The latest leak of another 3,200 emails on Monday, November 7 — a day before the US presidential election — brings the grand total of published hacked emails to a staggering 55,694.
To the Republican camp, it's the gift that keeps giving and ties neatly into Donald Trump's anti-Clinton rhetoric of "Crooked Hillary."
Certainly, for the Democratic candidate, these latest emails do little to exonerate her in the face of accusations that she is corrupt.
In 2014, an exchange between Hillary Clinton herself and John Podesta, implies that the Democratic presidential nominee understood that her private email server was not secure for the exchange of sensitive information.
It was back in August 2014, when Mrs. Clinton was a private citizen, and Podesta, an adviser to President Obama.
The two were discussing Daesh (also known as ISIL) and US strategy in the middle east. Mrs. Clinton asked Mr. Podesta if he knew who was responsible for an airstrike in Tripoli, Libya on August 18th 2014, in which an Islamist-controlled arms depot was blown up.
The email conversation was between both their personal email accounts, over Clinton's private server, a fact that made Podesta unwilling to share sensitive terrorism information.
He told Clinton on August 19th 2014: "Yes and interesting but not for this channel."
Clinton's own rely was simply: "Got it."
During the same year, Clinton, revealed that she had deleted thousands of her emails, claiming that they were personal. But as WikiLeaks has exposed, even messages from her personal email account to other personal accounts, sometimes discussed US foreign policy. The American people may never know how much sensitive information was compromised by Clinton's actions, regarding her private email server.

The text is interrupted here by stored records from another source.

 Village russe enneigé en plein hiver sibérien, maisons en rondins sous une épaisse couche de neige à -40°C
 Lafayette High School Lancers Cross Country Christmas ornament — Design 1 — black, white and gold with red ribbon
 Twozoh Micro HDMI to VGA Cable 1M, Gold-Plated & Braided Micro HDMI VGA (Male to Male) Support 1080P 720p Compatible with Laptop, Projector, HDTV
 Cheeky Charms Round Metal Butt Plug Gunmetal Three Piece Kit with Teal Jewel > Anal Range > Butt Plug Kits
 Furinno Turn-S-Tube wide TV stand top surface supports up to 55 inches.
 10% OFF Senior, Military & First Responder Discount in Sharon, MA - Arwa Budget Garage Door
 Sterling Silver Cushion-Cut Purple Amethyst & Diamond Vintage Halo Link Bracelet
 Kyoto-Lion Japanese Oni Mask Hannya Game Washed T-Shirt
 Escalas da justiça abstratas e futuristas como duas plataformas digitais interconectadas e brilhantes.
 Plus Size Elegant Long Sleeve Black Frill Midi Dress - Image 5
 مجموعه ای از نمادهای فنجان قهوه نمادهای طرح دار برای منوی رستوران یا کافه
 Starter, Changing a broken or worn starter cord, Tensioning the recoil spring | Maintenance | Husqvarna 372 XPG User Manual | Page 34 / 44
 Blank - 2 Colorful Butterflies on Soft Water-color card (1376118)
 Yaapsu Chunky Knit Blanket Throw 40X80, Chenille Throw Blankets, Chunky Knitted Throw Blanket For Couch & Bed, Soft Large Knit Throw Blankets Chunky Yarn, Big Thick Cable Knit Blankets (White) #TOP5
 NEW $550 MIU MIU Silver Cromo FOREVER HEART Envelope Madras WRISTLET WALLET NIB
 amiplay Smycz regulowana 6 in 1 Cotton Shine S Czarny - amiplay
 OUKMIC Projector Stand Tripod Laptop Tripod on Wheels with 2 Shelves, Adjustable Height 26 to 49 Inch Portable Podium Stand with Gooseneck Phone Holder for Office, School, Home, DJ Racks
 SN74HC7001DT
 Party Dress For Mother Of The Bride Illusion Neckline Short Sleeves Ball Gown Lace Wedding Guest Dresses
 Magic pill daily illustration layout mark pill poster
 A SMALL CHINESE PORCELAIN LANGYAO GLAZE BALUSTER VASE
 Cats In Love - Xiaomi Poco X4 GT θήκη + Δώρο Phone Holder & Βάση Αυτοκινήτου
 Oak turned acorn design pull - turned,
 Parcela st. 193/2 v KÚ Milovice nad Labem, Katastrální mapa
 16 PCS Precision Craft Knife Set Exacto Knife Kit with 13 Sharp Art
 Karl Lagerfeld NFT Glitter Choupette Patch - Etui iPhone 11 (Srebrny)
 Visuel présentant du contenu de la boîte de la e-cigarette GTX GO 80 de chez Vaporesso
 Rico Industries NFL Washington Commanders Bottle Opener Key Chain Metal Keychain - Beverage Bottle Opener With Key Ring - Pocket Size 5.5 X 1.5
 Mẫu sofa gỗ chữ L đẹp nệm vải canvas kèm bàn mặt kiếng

A year later, in a message from Mr. Podesta in July 2015, he reveals that even one of her closest advisors was so concerned at Clinton's actions, that she wanted Clinton not to run for president at all.
President of the liberal think tank Center for American Progress and Clinton loyalist Neera Tanden, aggressively derided Clinton's decision to use a private server.
"Do we actually know who told Hillary she could use a private email? And has that person been drawn and quartered? Like whole thing is f*!king insane."
Tanden goes on to suggest that the decision to use a private server, against official regulations, is so dire, that it is worthy of torture.
"I repeat, why hasn't this person been drawn and quartered?
"I'm reading wolf hall. There is something to be said for the power of torture."
Whether in jest or not, the comment reveals the extent of the angry frustration that Clinton's own inner circle felt over some of her key decisions.
John Podesta replies to Tanden with the pithy observation: "At least we now know why Cheryl didn't want her to run." 'Cheryl', refers to Cheryl Mills, Clinton's long time aide, who served as Clinton's chief of staff at the State Department.
In the latest twist, WikiLeaks has revealed that they were subject of a cyberattack, just hours after releasing this latest batch of emails from the Clinton campaign.
On Monday morning, WikiLeaks issued a statement saying:
"WikiLeaks.org was down briefly. That's rare. We're investigating. Our email publication servers are under a targeted DoS attack since releasing #DNCLeak2."
Previously, Wikileaks founder Julian Assange has claimed that "DC establishment" supporters have attempted to disrupt WikiLeaks' operations via cyber-attack in the past. Assange said his leaks have "whipped up a crazed hornets' nest atmosphere" within the Clinton campaign.
It's not yet clear who was responsible for the cyberattack.
However, it seems that whether Mrs. Clinton wins or loses the fast approaching US election, she still has many unanswered questions over her email scandal: questions that will continue to overshadow her future contributions to US politics.